Currently, publicly-available Ai has various problems. The issue worrying many bright minds: “Will the Ai try to destroy us? Or will it screw-up our intentions, doing something catastrophically wrong?” That is the “Ai-alignment” problem. And, when we try to understand WHY the Ai does what it does, we have no simple technique to elucidate its intentions and thoughts. That is the “explainability” problem — and it’s hard to be sure that an Ai is safe or sane, if you cannot explain why it behaves a certain way!

Meta just defeated BOTH of those issues, in their paper “Large Concept Models”, here. They strapped a concept-thesaurus called SONAR onto a pair of networks, training the brain to take word-token-strings and convert them into concept-vectors. (With lots of math, of course!) When they asked the network to spit the concept back out, as words, it did. The network learned which words in combination form entire concepts.

Now, a particular concept can be represented in words via many different combinations — that ONE concept-vector can be decoded in many ways. Each sentence is referring to the same idea. Or, at least, they should be pretty close.

That’s where the next leg of innovation can step-in! We are going beyond Meta…

Take a sentence, such as “The quick brown fox jumped over the lazy dog” and send it into the Concept-Encoder. That entire sentence will be represented as a high-dimensional vector. When sent back out, through the decoder, that vector becomes a sentence again, such as “The lazy dog continued to sleep while the brown fox jumped over him quickly.” Basically the same idea.

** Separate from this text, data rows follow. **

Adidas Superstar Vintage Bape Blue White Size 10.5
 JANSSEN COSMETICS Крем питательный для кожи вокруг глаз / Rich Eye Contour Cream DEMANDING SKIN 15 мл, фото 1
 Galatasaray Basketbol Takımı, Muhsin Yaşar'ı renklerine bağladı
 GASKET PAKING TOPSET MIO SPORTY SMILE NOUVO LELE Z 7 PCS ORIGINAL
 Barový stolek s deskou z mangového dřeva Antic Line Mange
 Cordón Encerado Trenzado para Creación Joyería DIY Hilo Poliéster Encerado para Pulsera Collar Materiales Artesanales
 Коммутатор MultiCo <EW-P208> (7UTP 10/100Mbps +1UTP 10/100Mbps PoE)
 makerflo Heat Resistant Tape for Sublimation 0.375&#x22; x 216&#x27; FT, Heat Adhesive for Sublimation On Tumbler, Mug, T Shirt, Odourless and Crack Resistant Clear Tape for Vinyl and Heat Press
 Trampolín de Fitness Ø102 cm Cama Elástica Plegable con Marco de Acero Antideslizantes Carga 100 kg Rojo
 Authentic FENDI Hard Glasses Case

Now, send that second version through, again. “The fox jumped past a sleeping dog.” Oh, hmmm — the output is starting to “drift”. This happens when you translate a translation of a translation… try it on Google Translate! We can identify when that drift happens, because the sentence will be encoded as a slightly different concept-vector. The concept-encoding drifts, whenever the network does NOT have a clear idea of that concept.

Drift = Incoherence

When a Large Concept Model is given the task of “translating the translation of the translation” then any drift of that concept-vector indicates that the concept is ‘blurry’ and more clarity is needed. We can use that rate of drift as the ‘loss’ on the network, sending a reward signal to encourage the network to form concepts which stay consistent.

By relying on that drift-loss, we can throw-away Meta’s original SONAR dataset! That SONAR concept-map was a single layer of abstraction, formed separately before training the network. And SONAR was not trained — it was kept constant, no NEW concepts learned. Instead, we can use drift-loss to train many layers of abstraction, from words to phrases to sentences and paragraphs, whole essays! And, those concepts are NOT pre-ordained and fixed-in-place the way Meta’s SONAR concepts were. We train the layers by how consistently they regenerate themselves, in translations of translations.

With layers of concepts, then a whole essay is digested as a sequence of lower-level concepts, which are then encoded into successively higher-levels. At the highest level of abstraction, the network would see numerous concepts registering together, as a “sparse encoding” across that space of concepts. The combinatorial variety of those sparse encodings is the space of concepts that the network can understand. More concept-layers will yield deeper insights into a wider swath of ideas. Those Ai will understand what they are saying, and we can verify if they are trying to trick us. I huffed a sigh of relief — try it! It feels good.